A jittery collection of neighbors in Newberry packed the West End Christian Community Center to get answers from Mayor Gabriel J. Campana.
They also asked leadership of the police and fire departments about the status of the investigation now including 11 arsons within a six- to seven-block radius since April 4.
Williamsport Bureau of Police Agent Trent Peacock shows off a suspicious object that was found by a resident in his yard. He is urging residents to call police if they see or find anything suspicious.
They came to what Campana convened as a town hall meeting and were invited to air their concerns. They were given tips and suggestions how to make it more difficult for the crimes to be perpetrated.
"I'm frightened," said Kathy Dochter, of Poplar Street, who held nothing back. Another woman next to her claimed she sat up all hours of the night and is losing sleep.
Former city police chief Curley Jett said he believes the arsonist must be caught before further injury or something worse happens. "If we don't stop this person, somebody's going to die.
"There's no hard and fast way," Jett said. ... "He could be sitting here right now."
Police Agent Trent Peacock, lead fire and arson investigator, was joined by Police Chief Gregory A. Foresman, Bureau of Fire Chief C. Dean Heinbach and Codes Administrator Joseph Gerardi.
"Call 911 right away," Peacock said, imploring the community not to delay, especially if they see suspicious activity. "Don't wait if you see someone suspicious or hear a dog barking at 2 in the morning until the next day to tell us."
Peacock and the others asked resident to please eliminate any potential sources of arson and to keep their lights on, or buy motion sensors.
"We need eyes, good witnesses," Peacock said. "If you see something suspicious, call 911. It might be nothing or it might be the bad guy."
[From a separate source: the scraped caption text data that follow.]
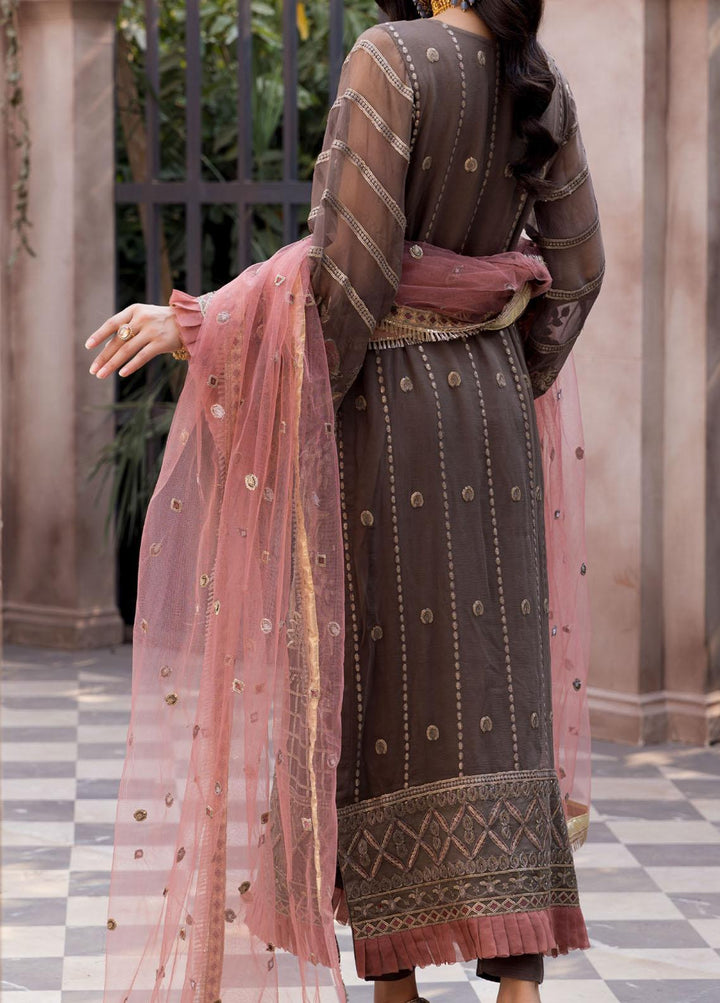 Le Festa By Emaan Adeel Embroidered Chiffon Suits Unstitched 3 Piece EA21-FP3 LR-06 - Premium Collection
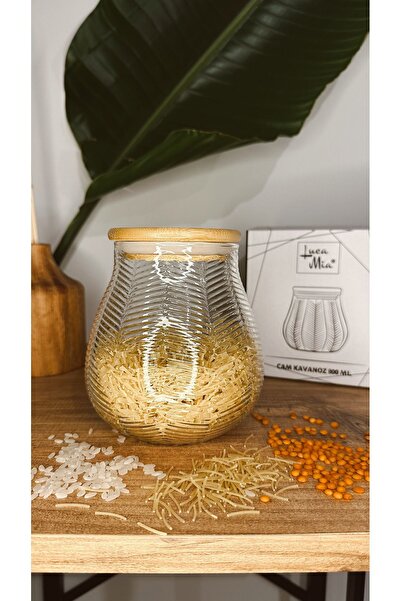 Luca Mia Bambu Kapaklı Çizgi Desenli Cam Kavanoz 800 ml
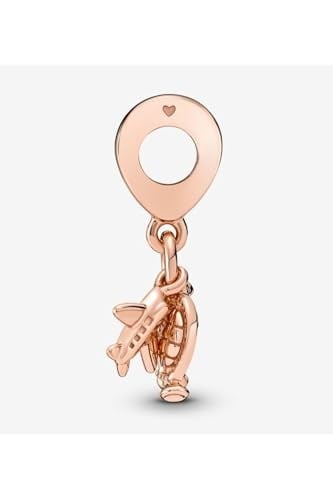 POSEİDONS JEWELLERY Uçak, Küre ve Bavul Üçlü Rose Sallantılı Charm Rose Tek Ebat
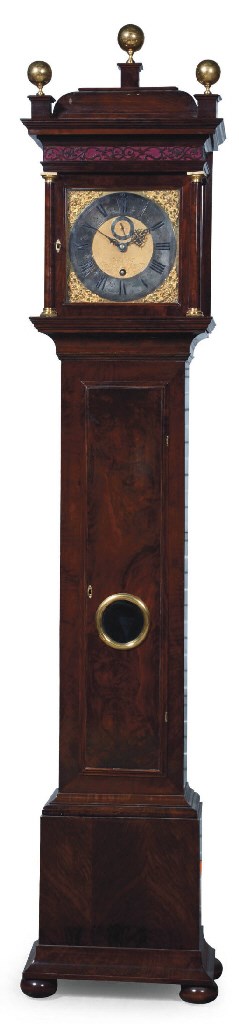 AN ANGLO-DUTCH BRASS-MOUNTED MAHOGANY TIMEPIECE LONGCASE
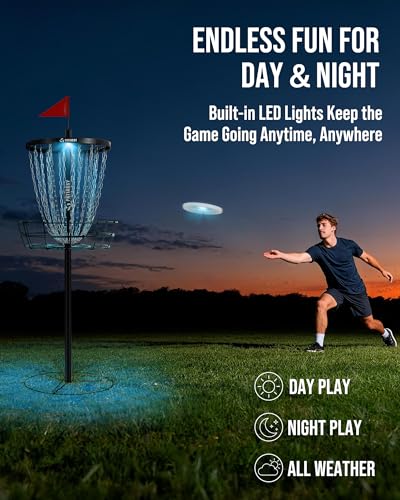 Disc Golf Basket with 24/12 Heavy Duty Chains, Disc Golf Target with Adjustable Height/Sound Reducer & Remote LED Light & Light Up Discs, Durable Practice Goal with Ground Stake for Backyard
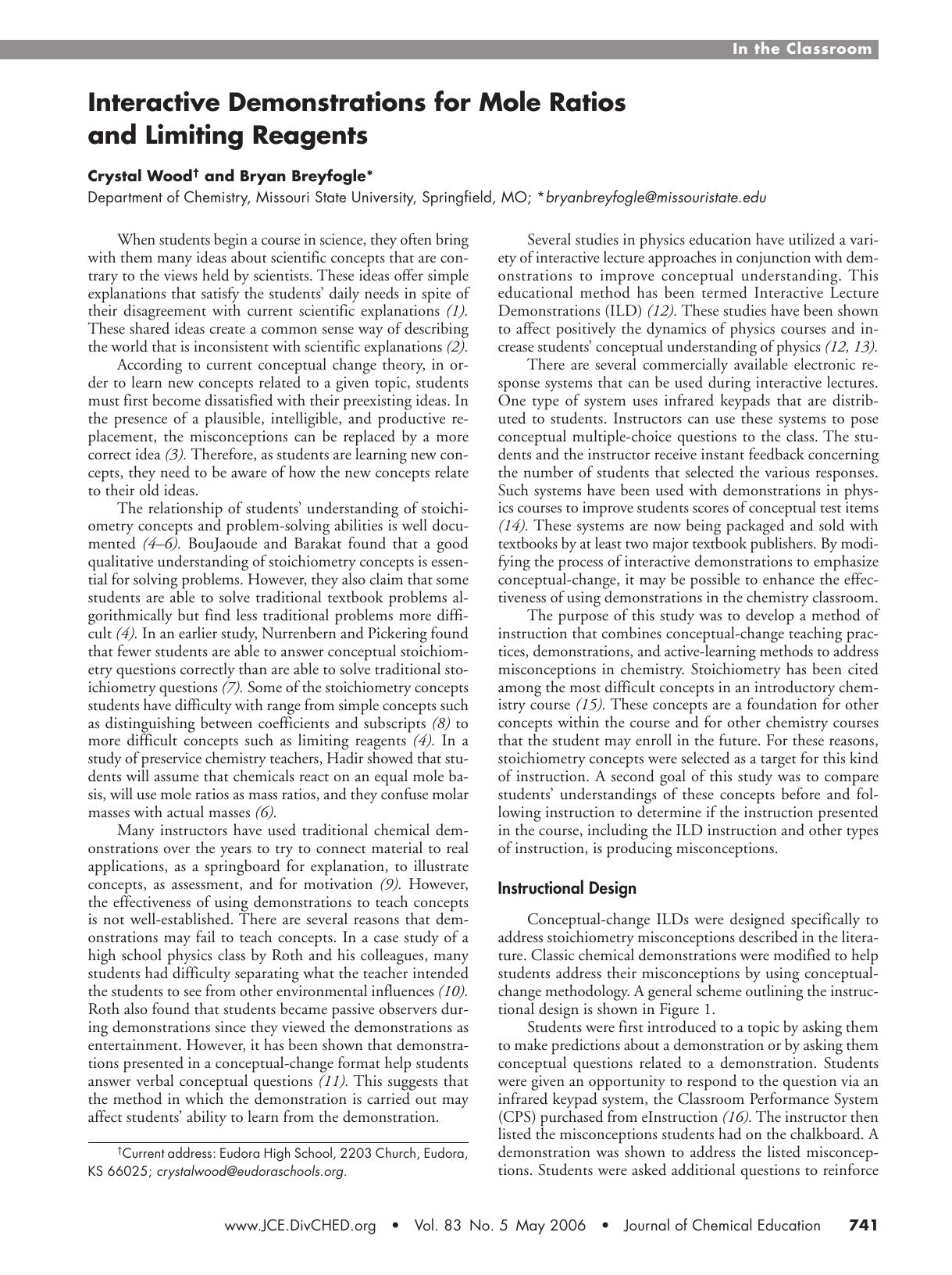 Interactive Demonstrations for Mole Ratios and Limiting Reagents by Crystal Wood & Bryan E. Breyfogle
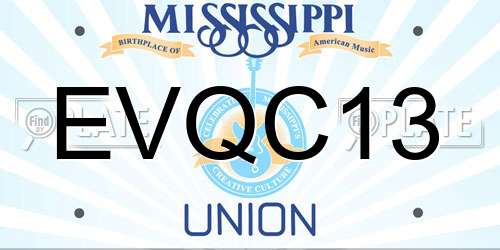 EVQC13 Mississippi License Plate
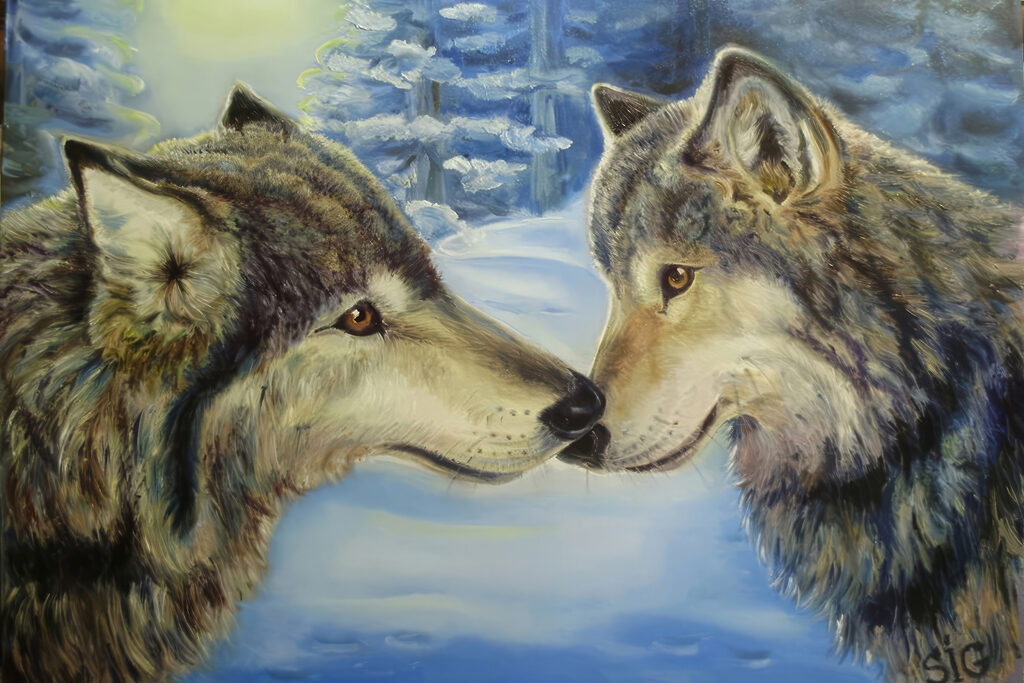 A painting of two wolves kissing A painting of two wolves kissing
Peacock called on watching for "anything out of place," and then held up a recently discovered wooden tongue depressor that had scorch marks on it. "It could be nothing more than kids playing with fire."
Police are using visible and non-visible means to capture the arsonist, Foresman said.
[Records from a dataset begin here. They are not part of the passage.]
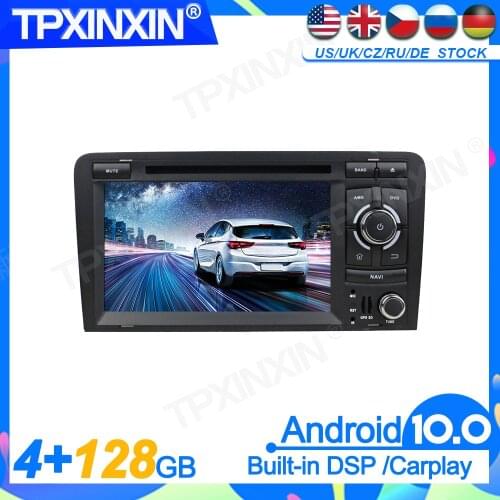 128GB Carplay Android 10 DVD Player for Audi A3 2003-2008 2009 2010 2011 2012 2013 GPS Auto Radio Audio Music Stereo Head unit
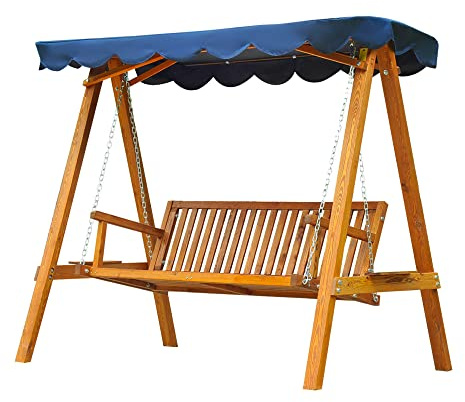 DecHome - Dondolo da Giardino 3 Posti in Legno con Baldacchino colore Blu Swing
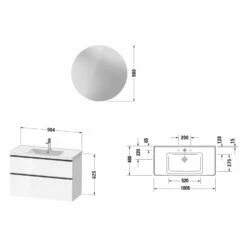 Duravit D-Neo Möbelset Mit Runden Spiegel 100,5 Cm -KEUCO Verkauf duravit neo badmoebel moebelsets mit runden 5382536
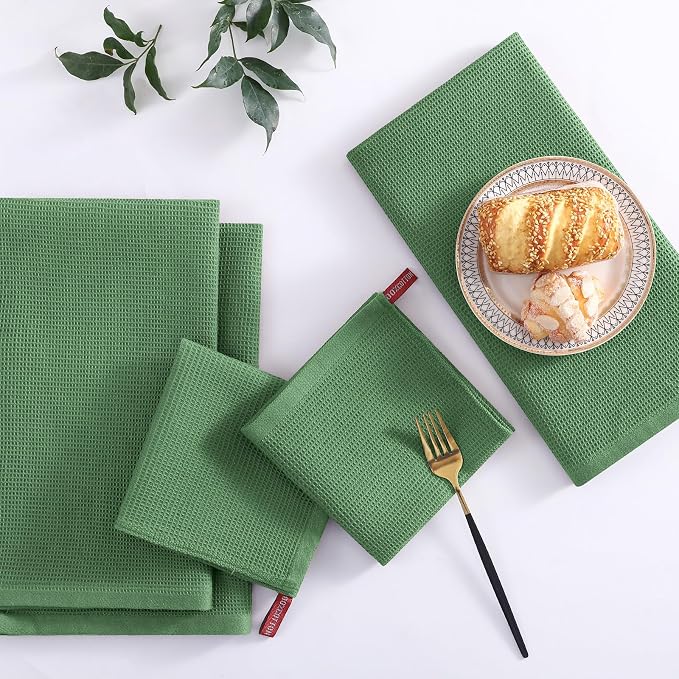 Homaxy 100% Cotton Waffle Weave Kitchen Towels, 4 Pack, Grass Green | Soft and Absorbent Dish Towels, 16 x 26 Inches Quick Dry Hand Towels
Campana encouraged use of as many lights as possible. "Flood this city with lights," Campana said.
He also indicated he will ask the federal government for additional grant sources to buy more surveillance cameras and said he wants to put them on the streets.
Gerardi has encouraged people to buy motion detectors for lights and set timers for devices inside the houses. "These devices cost a few dollars," he said, "but they might pay off."
Heinbach said properties need to be clear of debris or flammable materials. Gerardi took down addresses of some properties that residents report are not keeping up with that request.
A reward fund is being established by the Williamsport/Lycoming County Crime Commission, according to President Ron James and Vice President Rick Wyatt.
They said they are collecting reward money and will give $100 to anyone who provides information that leads to the capture and conviction of the arsonist.